S. S. : Je travaillais en tant qu'économiste (c'est ma formation) à l'Organisation internationale du café. J'ai commencé à voyager et à faire des photos qui n'avaient pas une grande qualité technique mais qui me donnaient un immense plaisir ! C'est alors que je me suis préparé à devenir photographe. Début 1973, j'ai quitté l'Organisation internationale du café et j'ai commencé ma carrière de photographe en free-lance. Cette même année, nous avons eu la possibilité de nous rendre, Lélia et moi, en Afrique pour réaliser un premier reportage sur la sécheresse au Niger, reportage qui a été publié dans de nombreux magazines. De là, on nous a proposé un autre reportage sur la sécheresse, en Éthiopie.

J.M.F. de A. : Vous avez intégré l'agence Sygma, née de la scission de l'agence Gamma.

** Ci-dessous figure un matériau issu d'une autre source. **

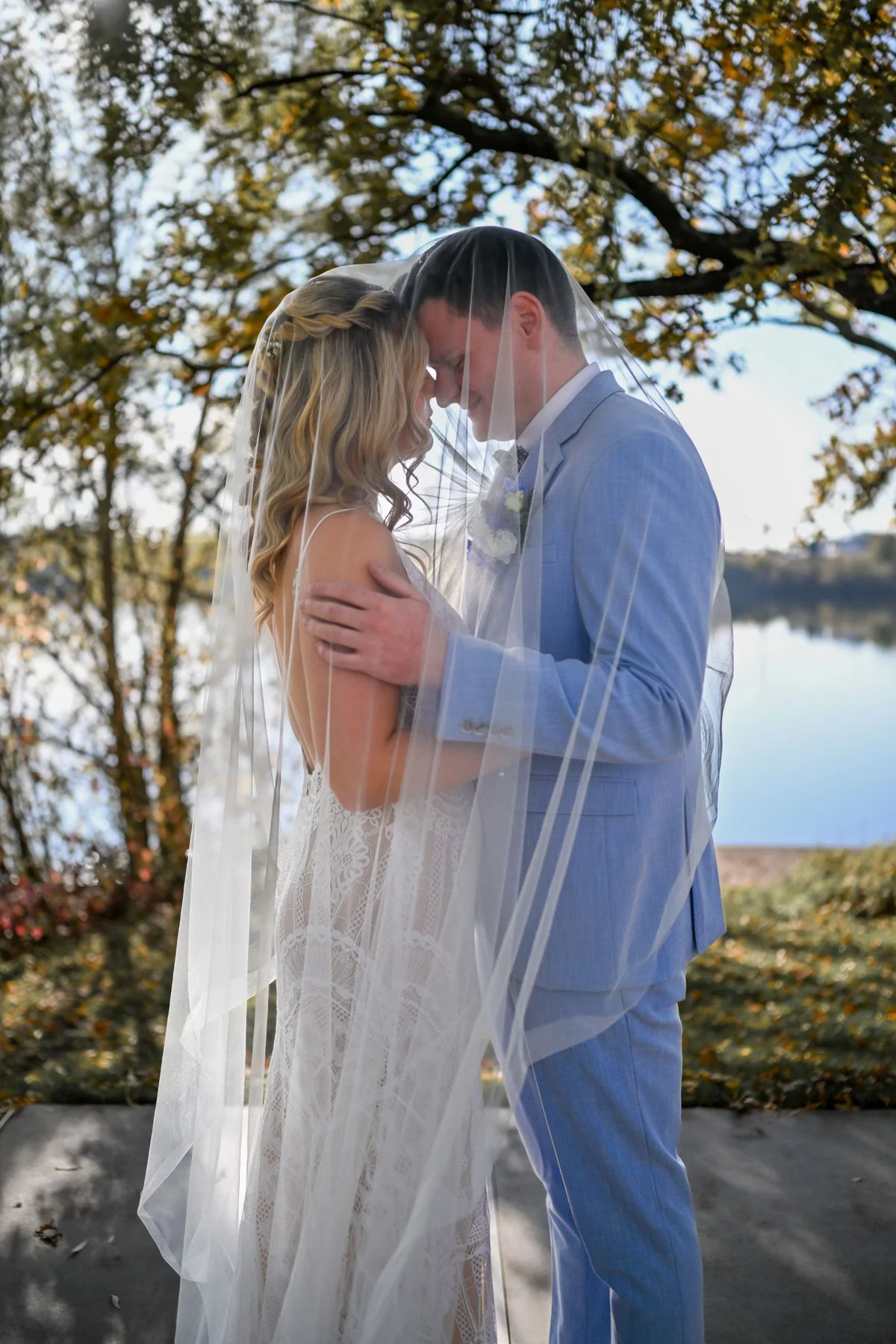 Beneath the veil the couple kiss on the shore, the lake behind them.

S. S. : C'était au moment de la révolution des oeillets au Portugal. En 1975, je suis entré à Gamma, mon école de photojournalisme ; c'était phénoménal ! J'arrivais le matin pour savoir s'il y avait un événement à photographier à Paris. S'il se passait quelque chose, le rédacteur en chef disait : "Sebastião, tu es partant ?" Je filais à la maison préparer ma valise. À quatre heures de l'après-midi, j'étais dans l'avion. Quand j'ai été un peu plus en vue, j'ai reçu une proposition pour présenter un dossier à l'agence Magnum. J'ai été accepté. J'y suis entré en 1979 et y suis resté quinze ans, travaillant à des reportages plus longs. C'était un travail plus personnel, plus profond. Puis les choses se sont durcies. Mon énergie a commencé à se consumer. Est arrivé un moment où je n'avais plus d'espace. Il a fallu que je parte.
Nous avons alors fondé, avec Lélia, l'agence Amazonas Images.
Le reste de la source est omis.